▶ WORK TO COMPLETE:
Everything from the first line of the material to the line containing "One Yuliana Homecoming", inclusive, must be given again exactly; no pictures, and nothing past that line.

▶ MATERIAL PROVIDED:
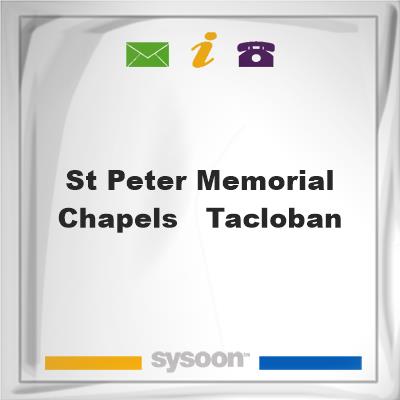 St. Peter Memorial Chapels - TaclobanSt. Peter Memorial Chapels - Tacloban on Sysoon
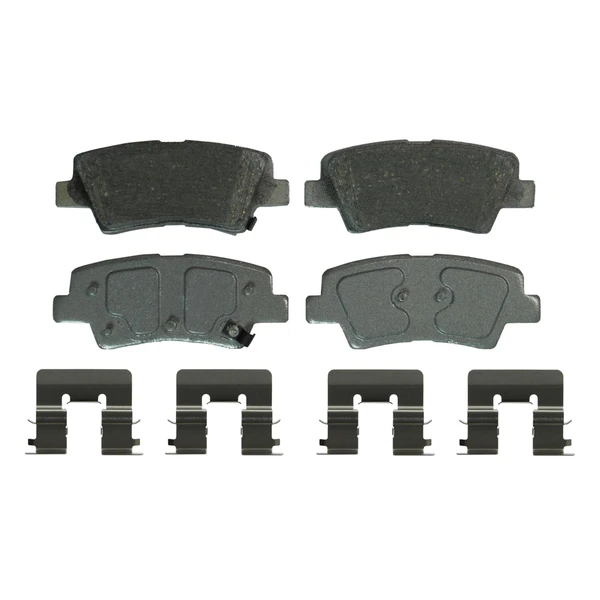 Wagner QC1594 Disc Brake Pad Set, Rear Side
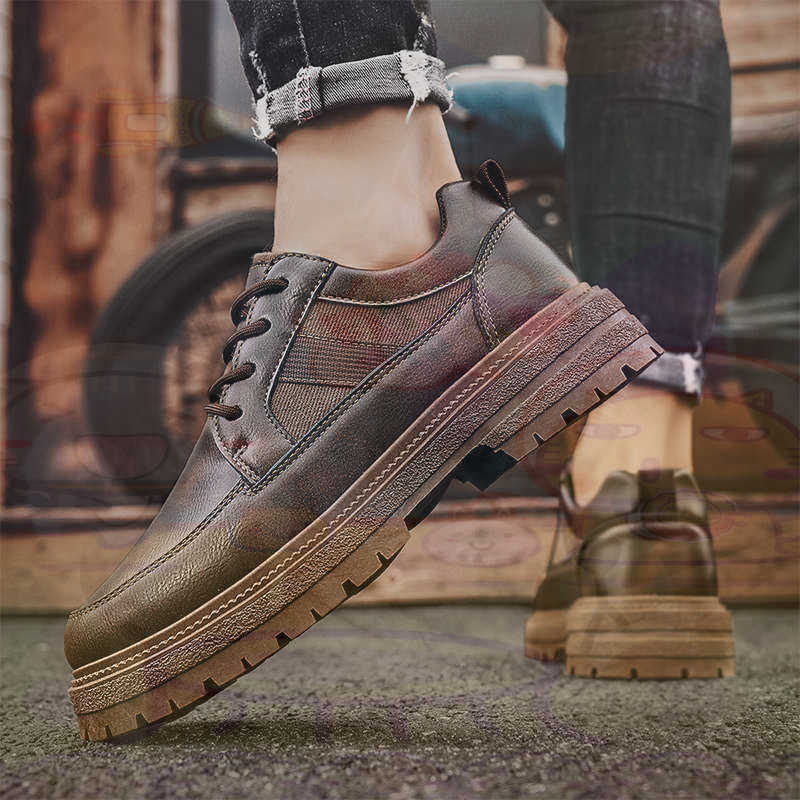 Escuro natural couro moda form - Men Shoes On Clearance avaliação e preço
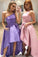 One Yuliana Homecoming Dresses Shoulder Asymmetrical With Pockets CD6971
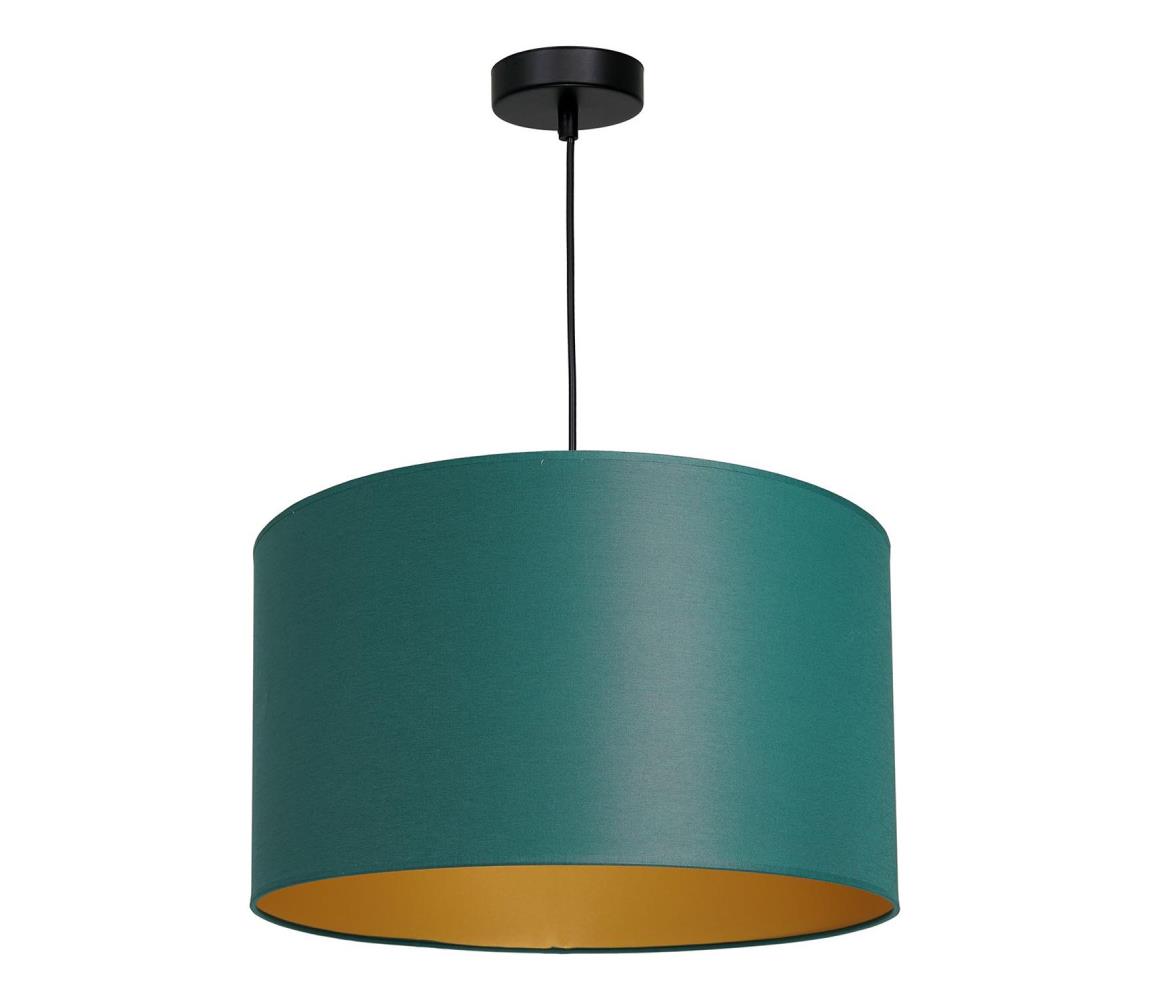 Żyrandol na lince ARDEN 1xE27/60W/230V śr. 40 cm zielony/złoty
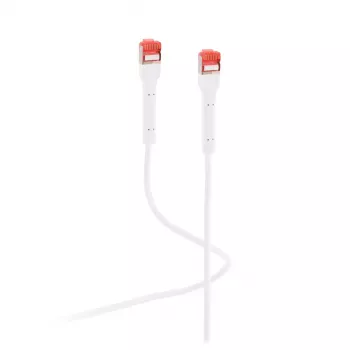 Tīkla kabelis Flexline FL31-29156 Cat6a U/FTP (STP) 1,5 m Balts RJ-45 Zelts
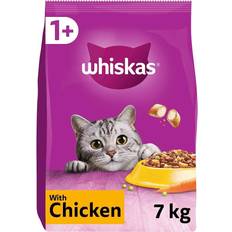 Whiskas 1+ Chicken 7kg Bag Adult Cat Dry Food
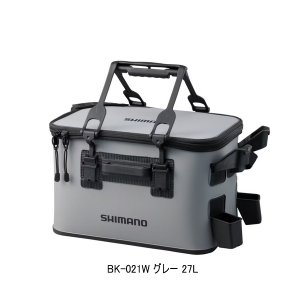 画像: ≪'23年9月新商品！≫ シマノ ロッドレスト タックルバッグ (レスト2/ハードタイプ) BK-021W グレー 27L [9月発売予定/ご予約受付中]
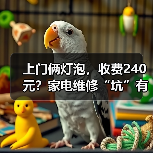 上门俩灯泡,收费240元?家电维修“坑”有多深(图4) 上门俩灯泡,收费240元?家电维修“坑”有多深(图4)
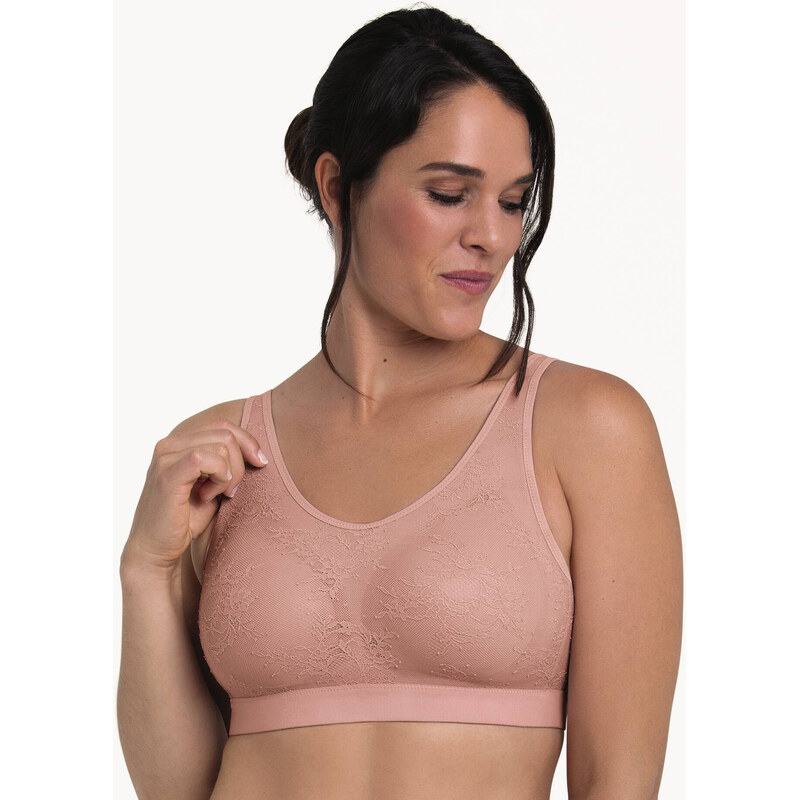 Essential Lace pooperační braletka s pěnovou výztuží 4700X rosewood - 107882966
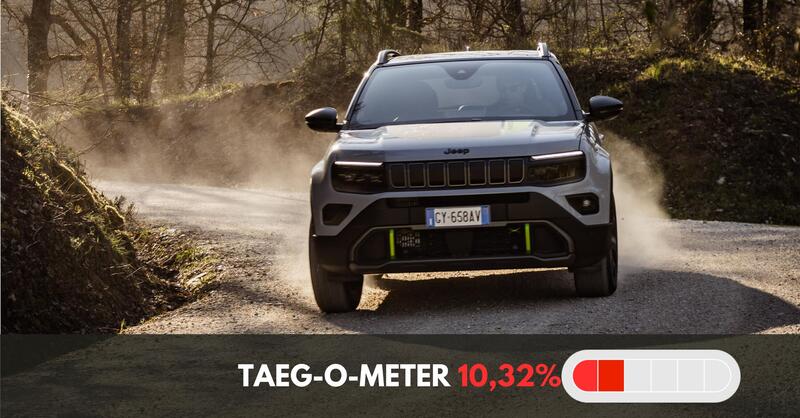 Jeep Avenger a 21.900 euro, ma con il finanziamento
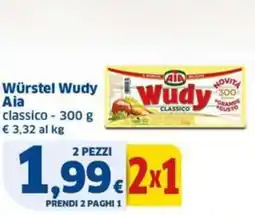 Sigma Aia Würstel Wudy offerta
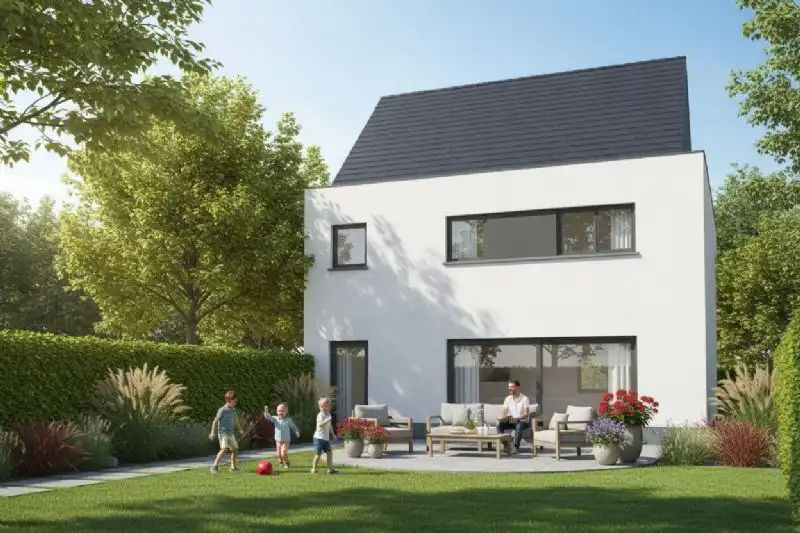 Nieuw te bouwen halfopen woning te Roeselare. foto 2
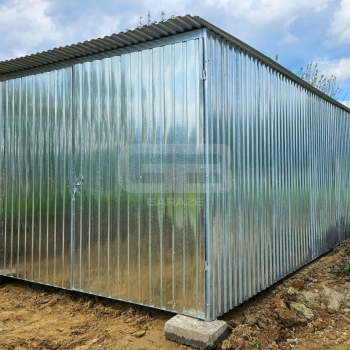 Ogłoszenie - Garaż blaszany 3×5 m II klasa – na budowę – wolnostojący – brama wjazdowa – spad dachu w tył GB118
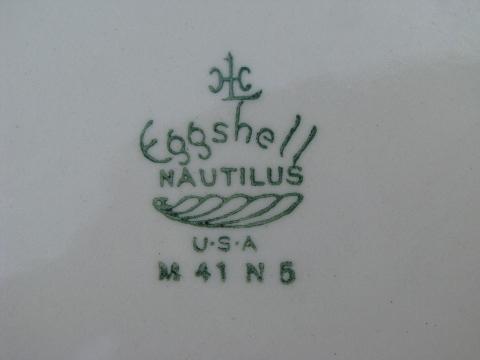 Dubarry vintage Homer Laughlin eggshell nautilus china 6 soup bowls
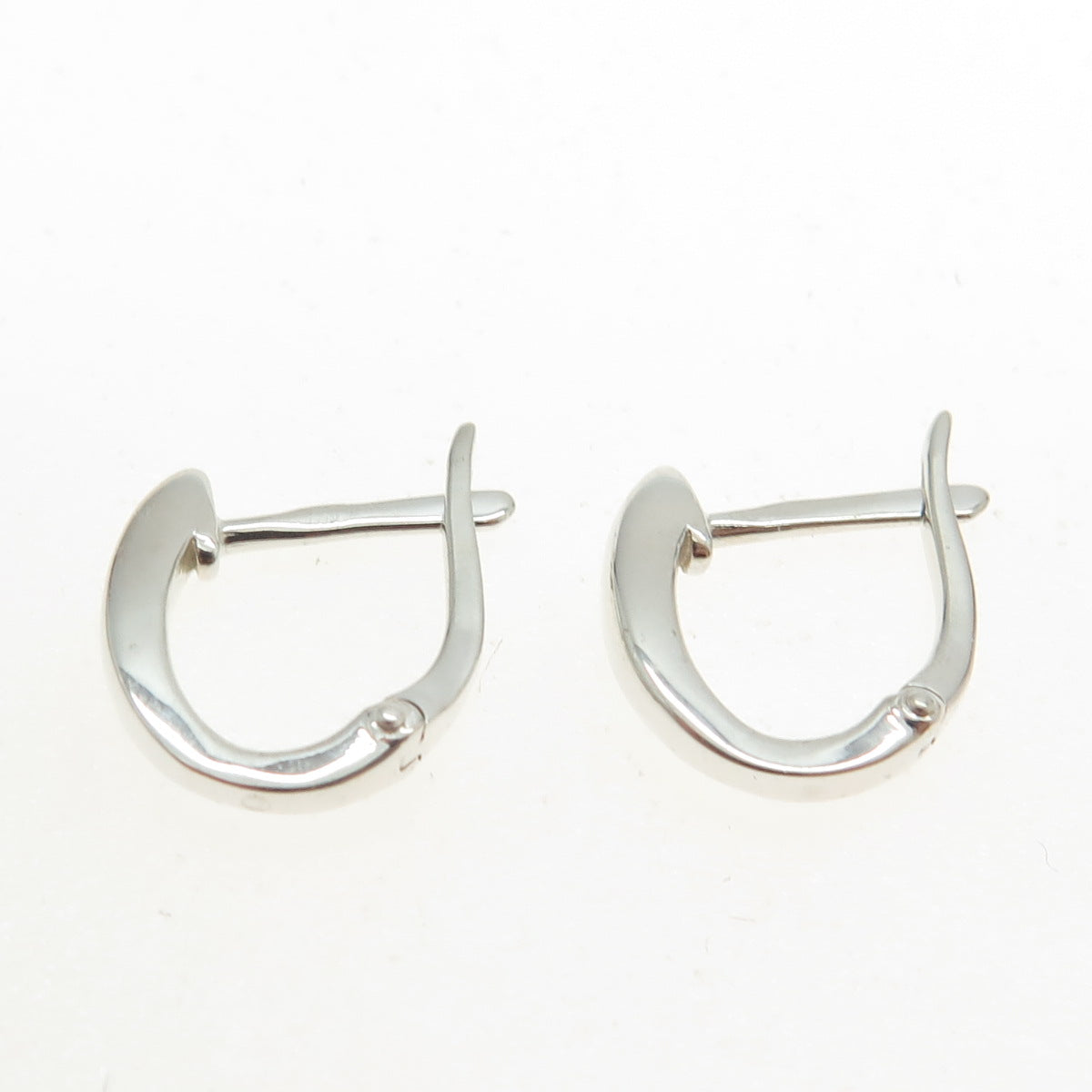 925 Sterling Silver Fisher Hook Hoop Earrings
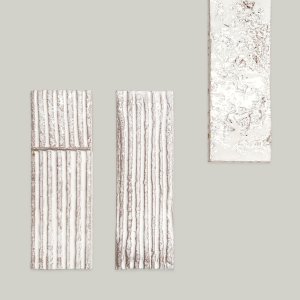 Mutina の Chamotte 壁のあるカフェスペース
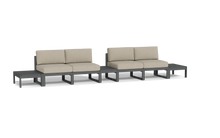 Load image into Gallery viewer, Mistral - Sofa - Pebble - Block - Sandcastle
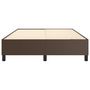 Voir la diapositive 5 : VIDAXL Cadre de lit sans matelas marron 140x190 cm similicuir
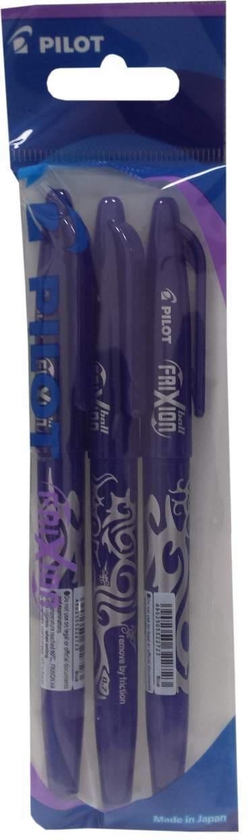 Pilot Frixion Erasable Roller Pen Blue 0.7mm 3 PCS
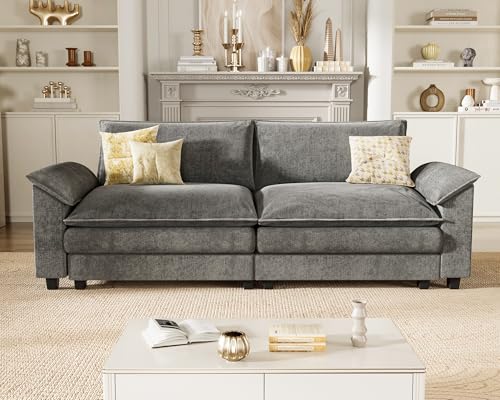 Light Grey L Shaped Chenille Sectional Sofa B71150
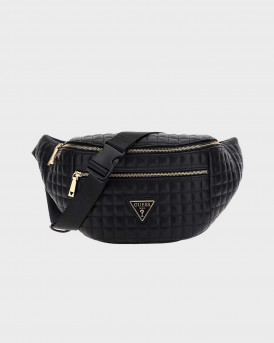 GUESS NADIRA ΓΥΝΑΙΚΕΙΟ ΤΣΑΝΤΑΚΙ ΜΕΣΗΣ - TWQG8424080  - ΜΑΥΡΟ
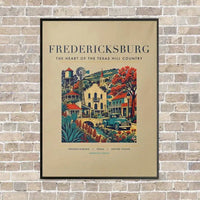 Thumbnail for FREDERICKSBURG - Poster - Canvas Framed - Beige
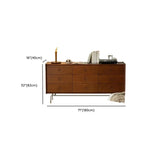 Commode en bois robuste, à orientation horizontale, avec 9 tiroirs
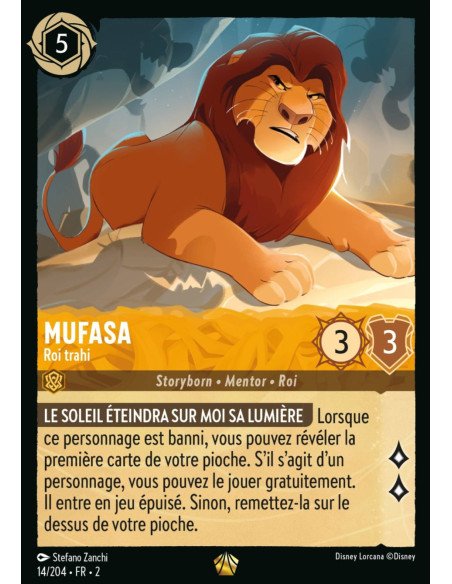 S2 - 014/204 - Mufasa : Roi trahi - Disney Lorcana - Série 2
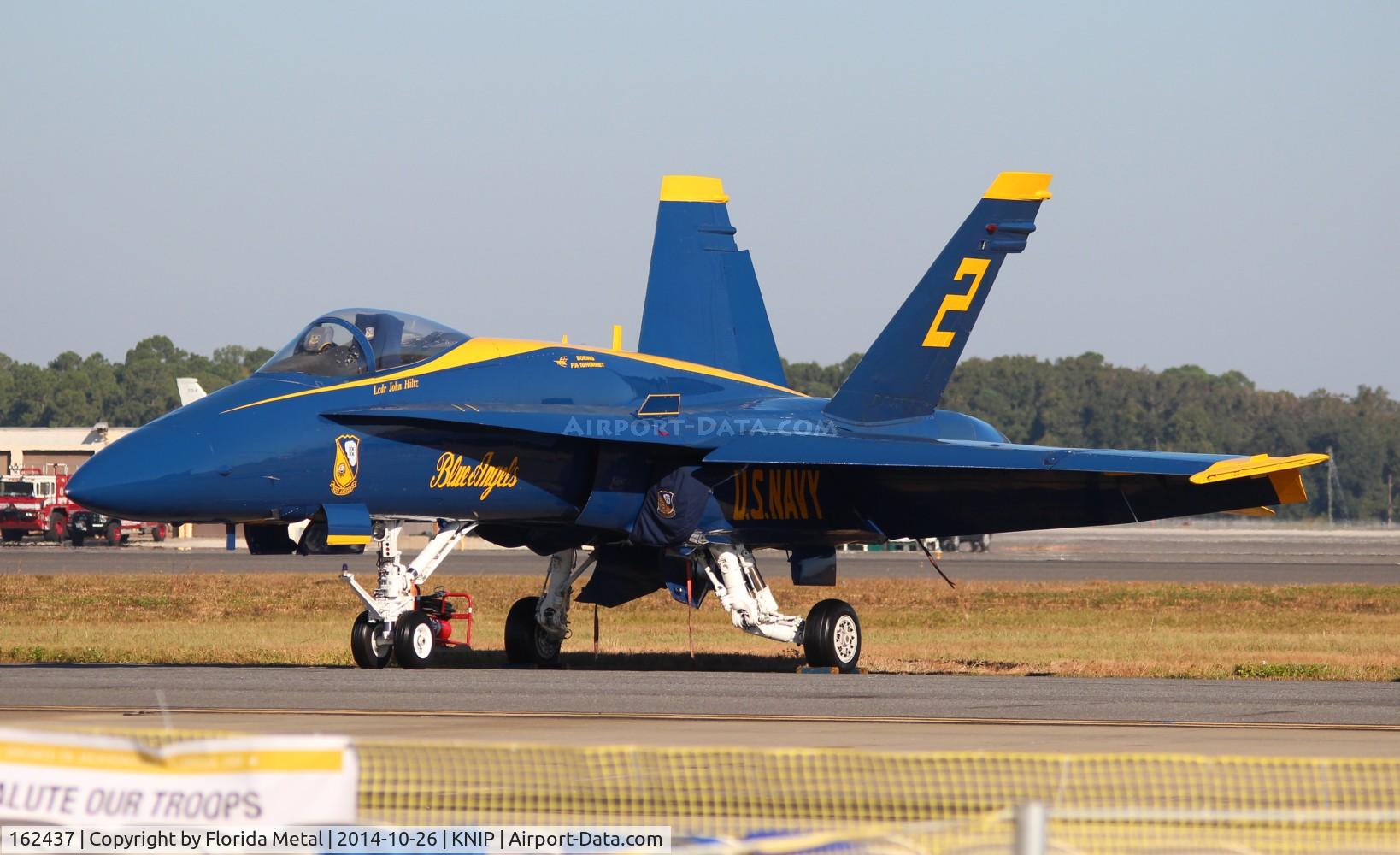 162437, McDonnell Douglas F/A-18A Hornet C/N 0281, Blue Angels NAS JAX 2014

▶ RESULT FOR THIS EXERCISE:
 St. Peter Memorial Chapels - TaclobanSt. Peter Memorial Chapels - Tacloban on Sysoon
 Wagner QC1594 Disc Brake Pad Set, Rear Side
 Escuro natural couro moda form - Men Shoes On Clearance avaliação e preço
 One Yuliana Homecoming Dresses Shoulder Asymmetrical With Pockets CD6971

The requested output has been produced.